Una pared con dos puertas de arcos abiertos
separa la parte de los plebeyos del sitio reservado y sagrado de
los sacerdotes que, por su parte, conduce al sanctasanctórum en
el que descansa una réplica del Arca de la Alianza, oculta de
nuestra mirada. La Catedral de la Trinidad fue construida para
el original genuino, llevado de la turbulenta Jerusalén al
remoto Axum por doce mil sacerdotes de Judea, según su
tradición. Sin embargo, el Arca se negó a ser transportada y
permaneció en Santa María de Sión en el polvoriento y desierto
Axum hasta nuestros días. Extraña obstinación: Gondor es mucho
más atractivo con su vasto castillo de basalto negro, construido
por los emperadores etíopes usando consejos de sus albañiles
portugueses, y bombardeado, siglos después, por la omnipresente
Fuerza Aérea Británica. – Si conoces, lector, un país que nunca
haya sido bombardeado por los anglo-estadounidenses, por favor
díselo al mundo –. Mientras contemplábamos los cuadros, los
tambores cedieron su lugar a hermosos cantos de salmos y
salieron los sacerdotes y bendijeron a los devotos. Ya eran las
ocho, y la gente comenzó a reunirse afuera. Por costumbre local
uno no puede entrar o abandonar la iglesia durante el prolongado
oficio, y la gran mayoría de los fieles estaba tranquilamente
afuera, caminando alrededor de la iglesia, besando sus pilares y
sus piedras. Aquel que no observa las estrictas reglas de ayuno
(que no sólo prohíben la carne sino también la unión sexual)
también tiene que quedarse afuera. Abrieron las puertas. Y nos
sentamos en el patio en el agradable frío matutino, mientras
niños iban y venían con canastos de pan recién hecho, el oscuro
pan de Etiopia.
La iglesia es un pacífico oasis en el agitado
país. Afuera, circulaban tanques – el nuevo conflicto entre
Etiopia y la separatista provincia de Eritrea estaba a apunto de
estallar. Niños pobres y sin hogar pululaban por las calles.

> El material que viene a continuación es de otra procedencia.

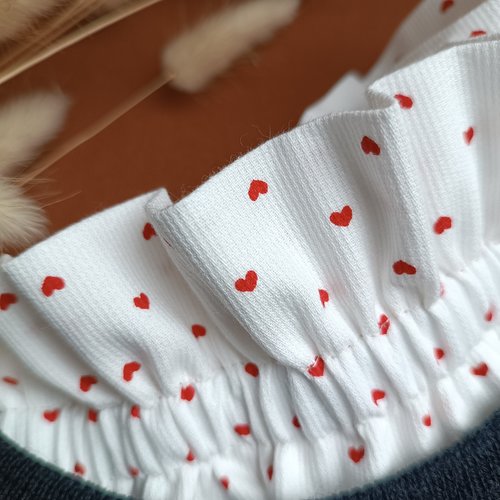 Col victorien amovible,col motif petits coeurs,fait main en france,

Aunque Etiopia no está muerta, como lo aprendí esa noche, está
gravemente enferma. Desde 1950, su población se ha sextuplicado,
y un semejante aumento llegó más allá de sus escasos recursos.

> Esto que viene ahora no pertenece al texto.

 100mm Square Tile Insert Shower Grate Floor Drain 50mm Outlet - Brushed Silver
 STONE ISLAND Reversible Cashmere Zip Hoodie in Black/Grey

Al mismo tiempo, EE.UU. y sus aliados suministran armas a todas
las partes interesadas en la región, promoviendo las disputas y
el disenso, apoyando a todos los movimientos separatistas.

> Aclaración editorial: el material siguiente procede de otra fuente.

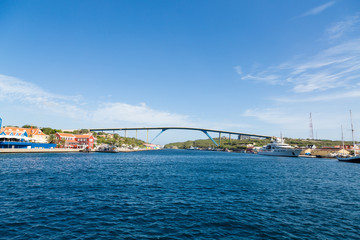 Naklejka premium High Bridge and Yacht on Curacao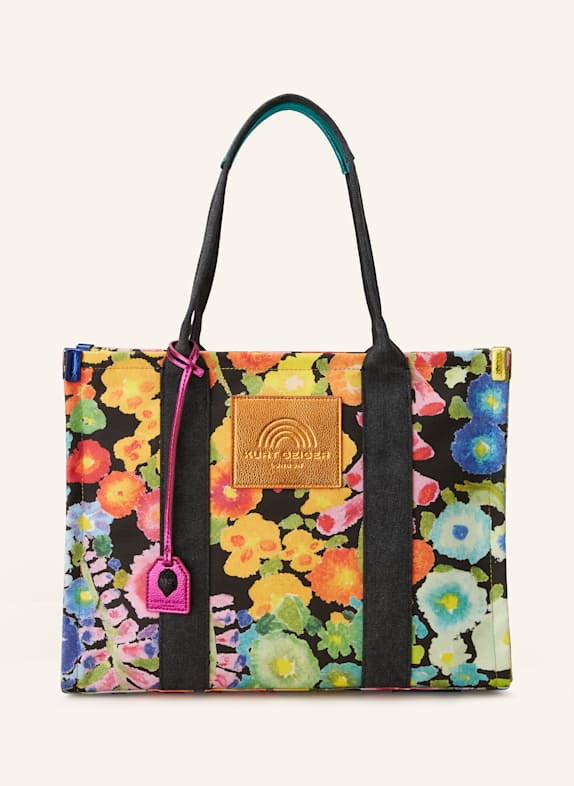 KURT GEIGER Shopper ČERNÁ/ ORANŽOVÁ/ ŽLUTÁ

Debilitaron al inmensamente popular gobierno socialista de
Mengistu, que sigue siendo recordado con nostalgia por muchos
etíopes. Su caída fue causada por el apoyo de EE.UU. a los
separatistas – la gente se cansó de una guerra interminable.
Ahora los etíopes tienen ‘democracia’, aunque esta palabra
significa sobre todo ‘corrupción’ en el inmenso país de 60
millones de personas, docenas de tribus, naciones y lenguajes,
diferencias sociales y una pobreza atroz.
Noam Chomsky escribió sobre esta estrategia de
EE.UU: no tienen que ganar, les basta con debilitar, destruir e
impulsar a las naciones rebeldes de vuelta a la Edad de Piedra.
Después, culpan al socialismo, como en Vietnam o en Etiopia, al
Islam como en Palestina o Afganistán, al nacionalismo como en
Serbia, y nunca a su propia intervención. “EE.UU. nunca ayuda a
la gente, pero siempre están dispuestos a proveer armas para que
nos matemos los unos a los otros”, me dijeron los etíopes.
El papel de la Iglesia también disminuye
continuamente. Sus tierras fueron confiscadas y redistribuidas
por el gobierno y perdió su capacidad de proteger a la gente.
Las comunidades rurales son desarraigadas por los interminables
combates y la falta de agua, sus miembros huyen a las ciudades
donde son reducidos a la mendicidad. Las generaciones más
jóvenes de habitantes de las ciudades ya no van a la iglesia. El
asalto de la Modernidad es implacable por todas partes, incluso
en la remota Etiopia. No queda gran cosa, quién sabe, tal vez
los sacerdotes etíopes cuentan los años mejor que nosotros;
según su calendario ahora estamos en 1997 DC; faltan sólo tres
años para el milenio y el fin de los días.